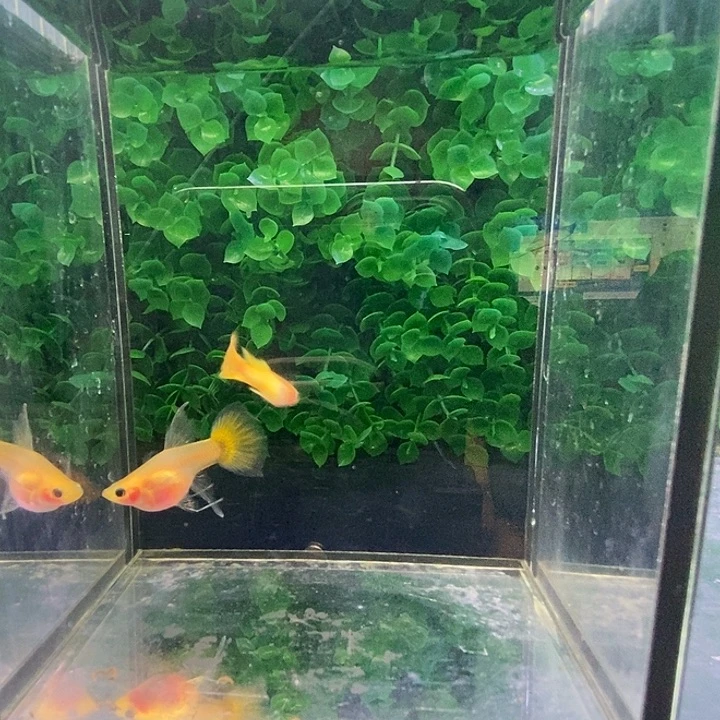 孔雀鱼黄金玻璃猫球c一对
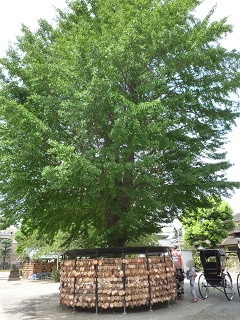 f:id:bata_sun:20160818210509j:plain f:id:bata_sun:20160818210509j:plain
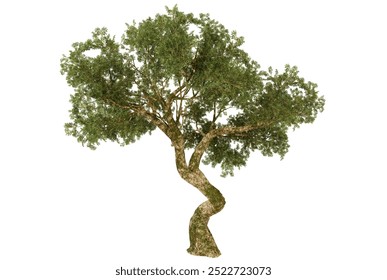 Twisted Olive Tree Isolated on a White Background - Powered by Shutterstock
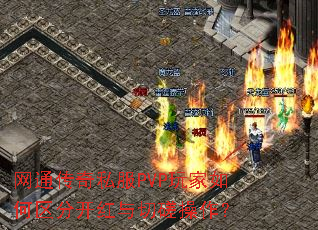 ͨ˽PVPֿд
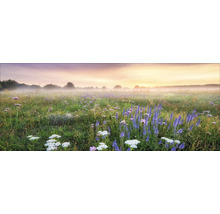 Ochtendlandschap met bloemenweide onder mist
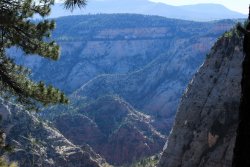 IMG_3555.jpg IMG_3555.jpg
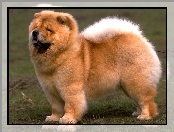 Chow chow, Pies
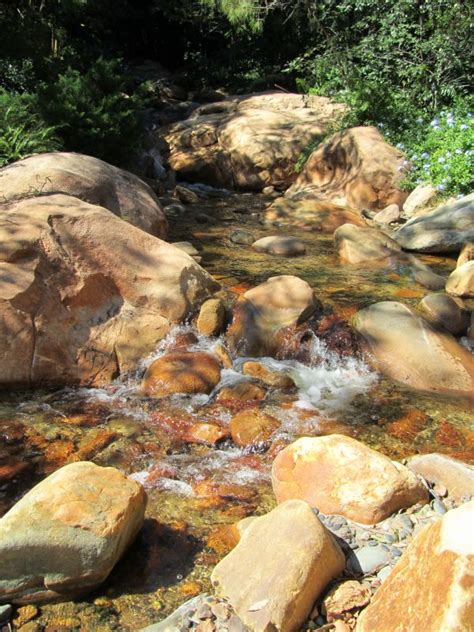 Fotos Gratis Naturaleza Bosque Al Aire Libre Rock Desierto R O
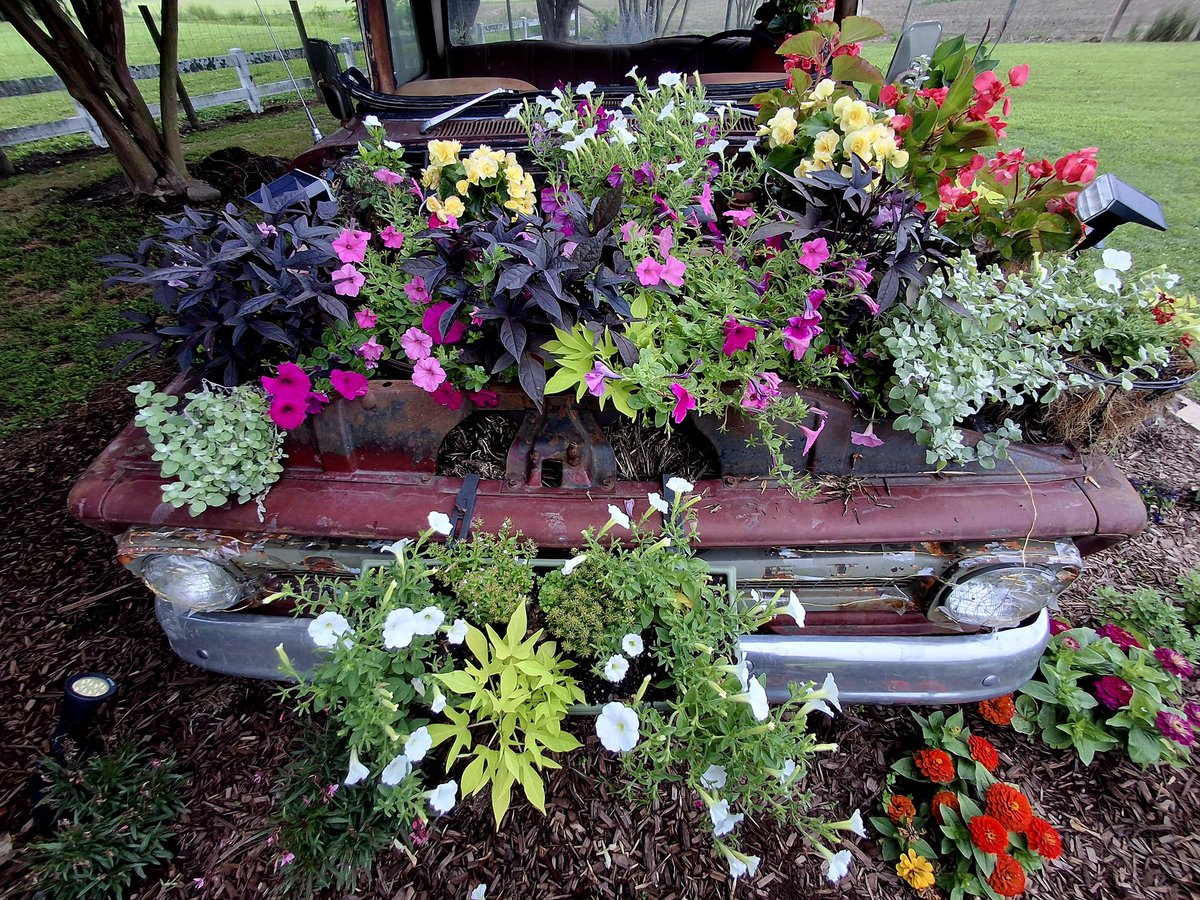 danibecsam tweet media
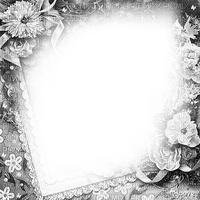 soave frame vintage flowers lace black white - Free PNG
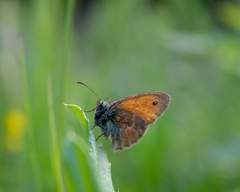 Coenonympha pamphilus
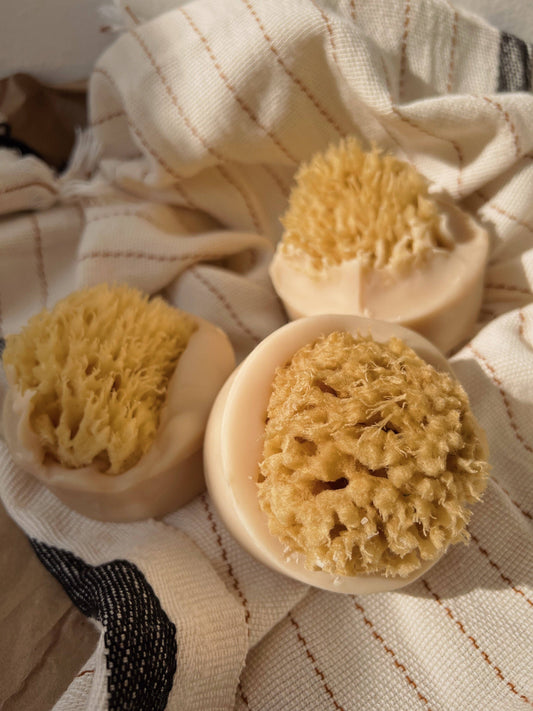 Vanilla & Coconut Milk Sea Sponge Palm Free Handcrafted Soap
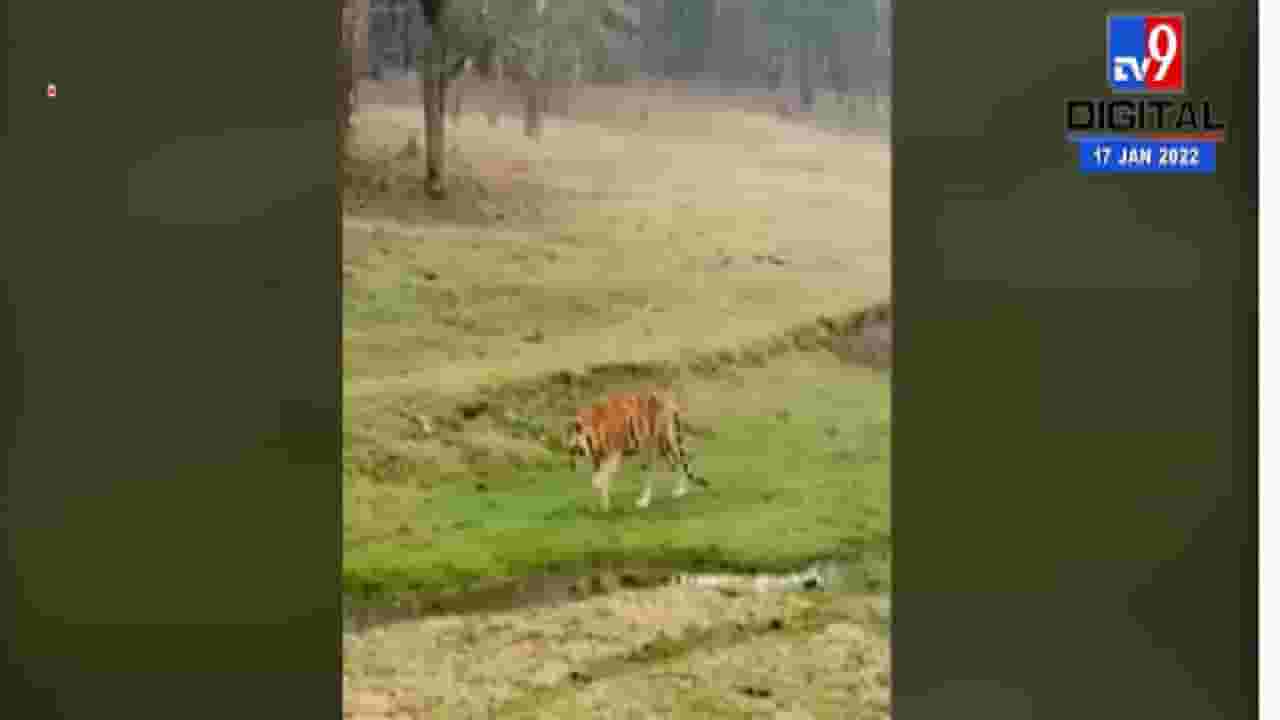 नागपुरात सुपर मॉम ठरलेल्या कॉलरवाल्या वाघीणीचा मृत्यू नागपुरात सुपर मॉम ठरलेल्या कॉलरवाल्या वाघीणीचा मृत्यू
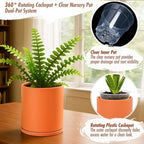 D'vine Dev Double-Layer Self-Draining Planter Set – Rotating Plastic Outer Pot with Clear Inner Liner for Root Health, Perfect for Indoor Plants, 6.5", Set of 2, Pumpkin, 73-V-E-2 - Image 4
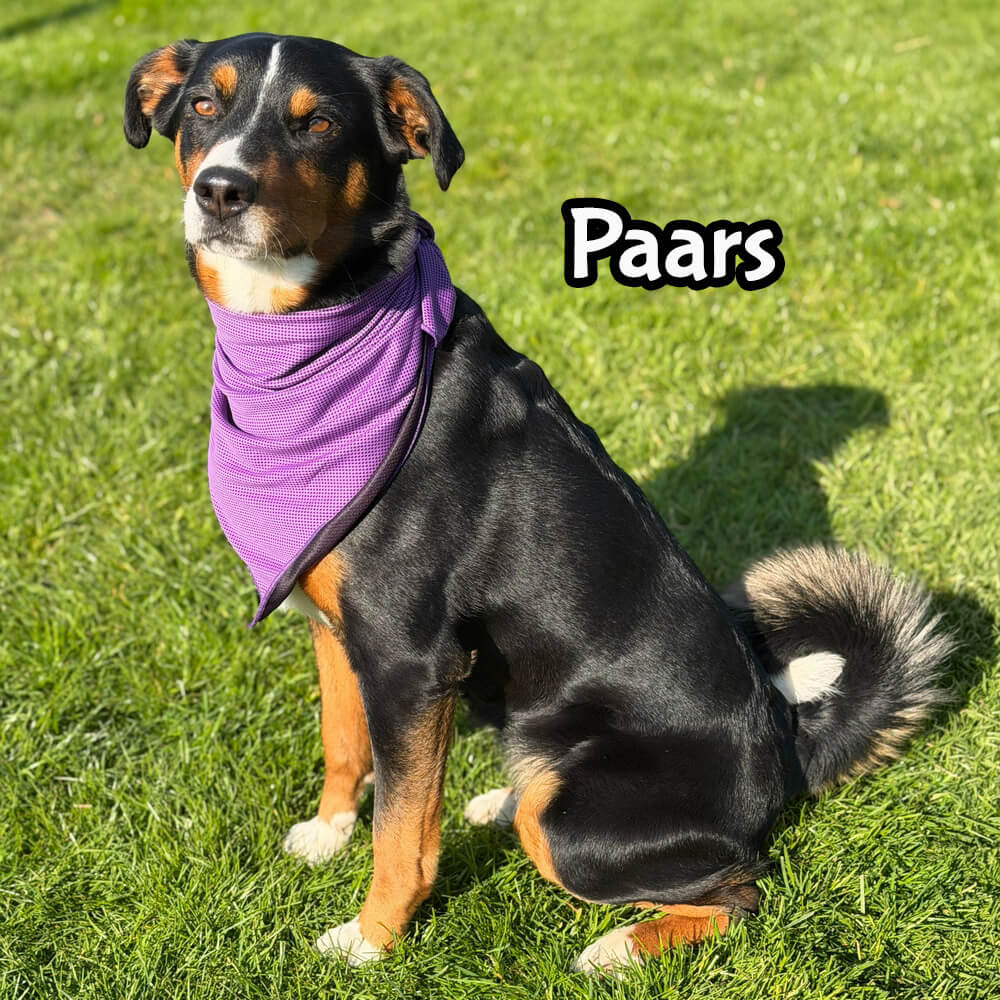 Koelhalsband hond action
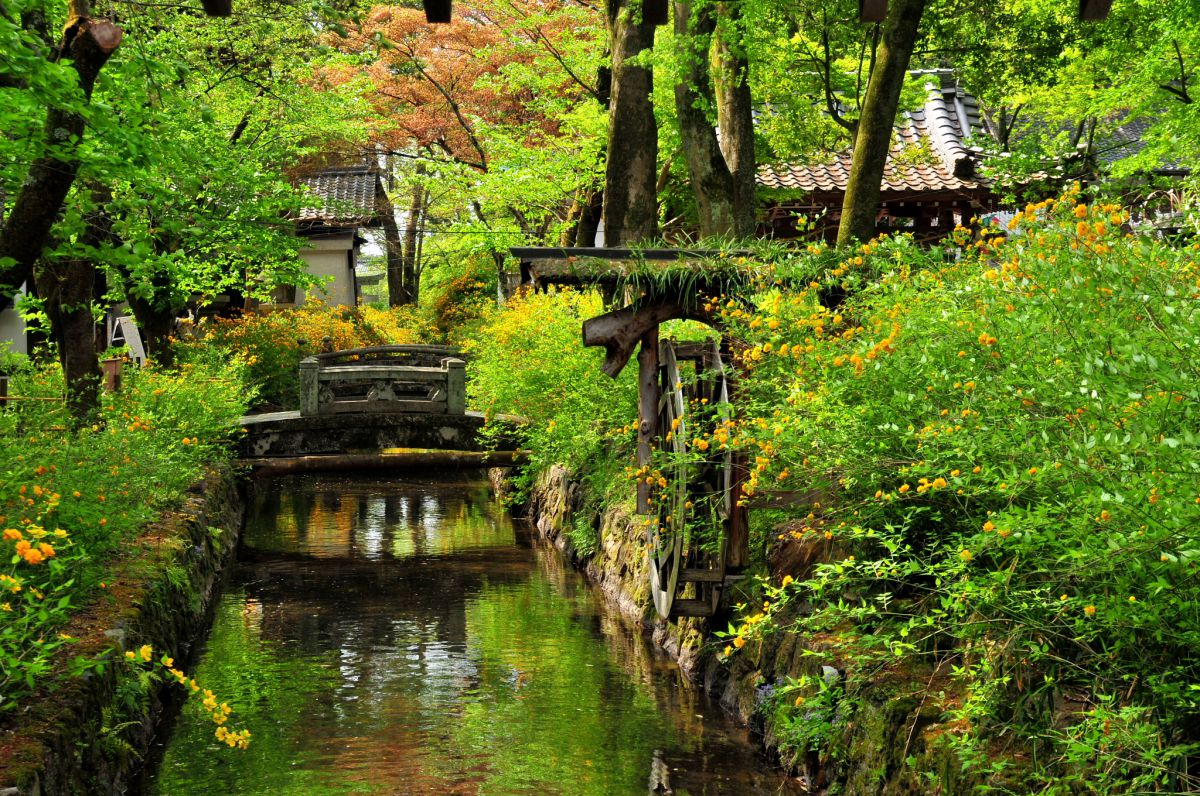 松尾大社（京都府）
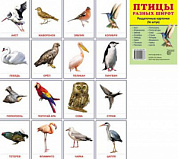 Карточки учебные 63х87мм (гл) Птицы разных широт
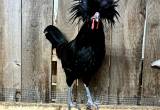Black Polish Rooster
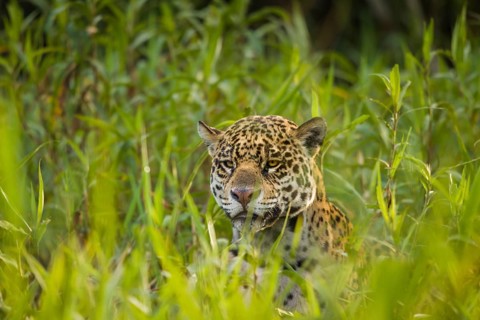Jaguar (Panthera onca)
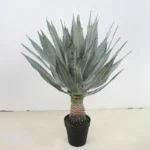 Potted Artificial Agave 3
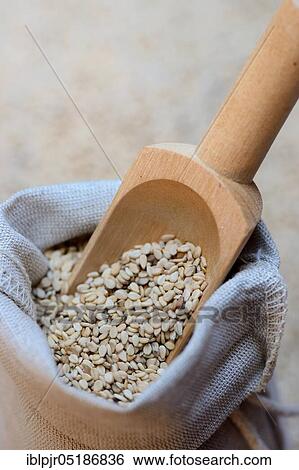 Stock Photograph - White seed ( Sesamum indicum) in bag with shovel. Fotosearch
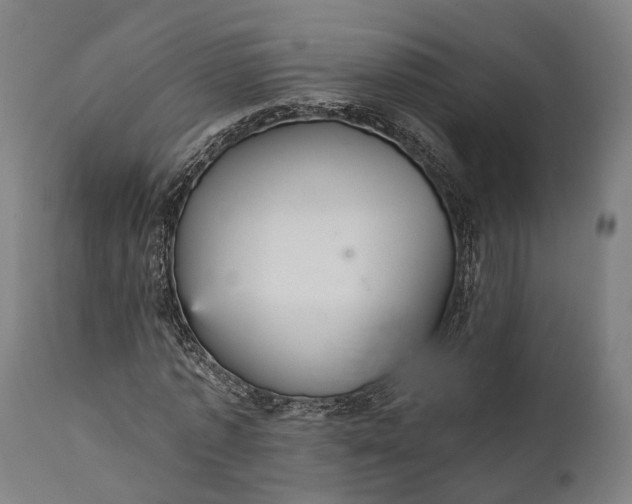 X0000111580773200908061324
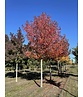 Amberbaum ‘Worplesdon’ | Liquidambar styraciflua ‘Worplesdon’ – im Angebot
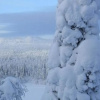 Отель Rukaj Rven Kelopirtit Hilla Kuusamo, фото 16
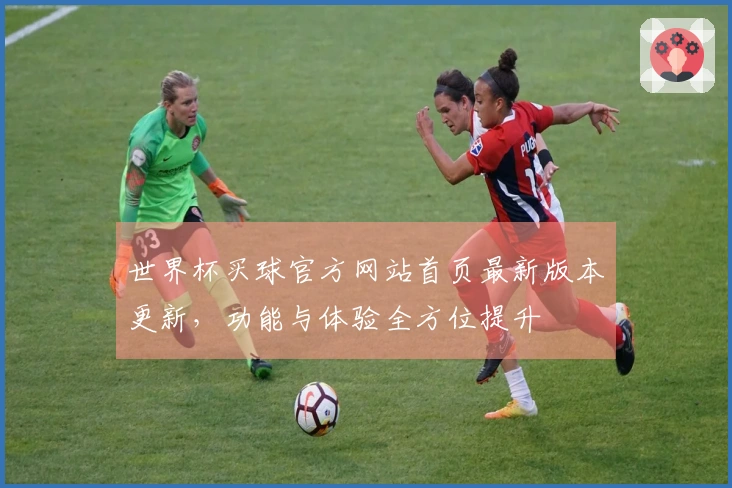 世界杯买球官方网站首页最新版本更新，功能与体验全方位提升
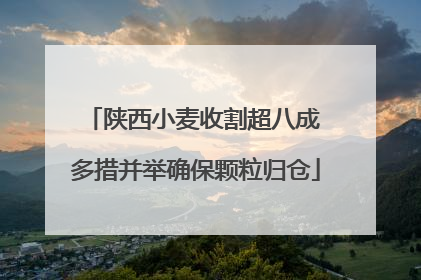 陕西小麦收割超八成 多措并举确保颗粒归仓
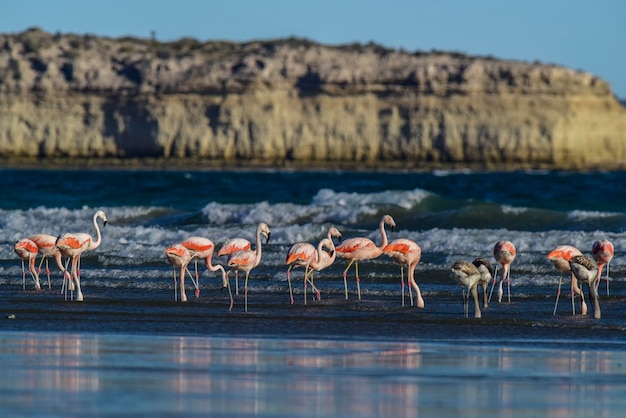 Flamingi żerujące na plaży Półwysep Valdes Patagonia Argentina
-- -- --
[What is being asked]: Pictures are to be left out; repeat all the remaining data exactly.

[Output]:
 孔雀鱼黄金玻璃猫球c一对
 f:id:bata_sun:20160818210509j:plain f:id:bata_sun:20160818210509j:plain
 Twisted Olive Tree Isolated on a White Background - Powered by Shutterstock
 ͨ˽PVPֿд
 Ochtendlandschap met bloemenweide onder mist
 IMG_3555.jpg IMG_3555.jpg
 Chow chow, Pies
 Fotos Gratis Naturaleza Bosque Al Aire Libre Rock Desierto R O
 danibecsam tweet media
 soave frame vintage flowers lace black white - Free PNG
 Coenonympha pamphilus
 Vanilla & Coconut Milk Sea Sponge Palm Free Handcrafted Soap
 नागपुरात सुपर मॉम ठरलेल्या कॉलरवाल्या वाघीणीचा मृत्यू नागपुरात सुपर मॉम ठरलेल्या कॉलरवाल्या वाघीणीचा मृत्यू
 D'vine Dev Double-Layer Self-Draining Planter Set – Rotating Plastic Outer Pot with Clear Inner Liner for Root Health, Perfect for Indoor Plants, 6.5", Set of 2, Pumpkin, 73-V-E-2 - Image 4
 Koelhalsband hond action
 松尾大社（京都府）
 Карточки учебные 63х87мм (гл) Птицы разных широт
Black Polish Rooster
Jaguar (Panthera onca)
 Potted Artificial Agave 3
 Stock Photograph - White seed ( Sesamum indicum) in bag with shovel. Fotosearch
 X0000111580773200908061324
 Amberbaum ‘Worplesdon’ | Liquidambar styraciflua ‘Worplesdon’ – im Angebot
 Отель Rukaj Rven Kelopirtit Hilla Kuusamo, фото 16
 世界杯买球官方网站首页最新版本更新，功能与体验全方位提升
 陕西小麦收割超八成 多措并举确保颗粒归仓
 Flamingi żerujące na plaży Półwysep Valdes Patagonia Argentina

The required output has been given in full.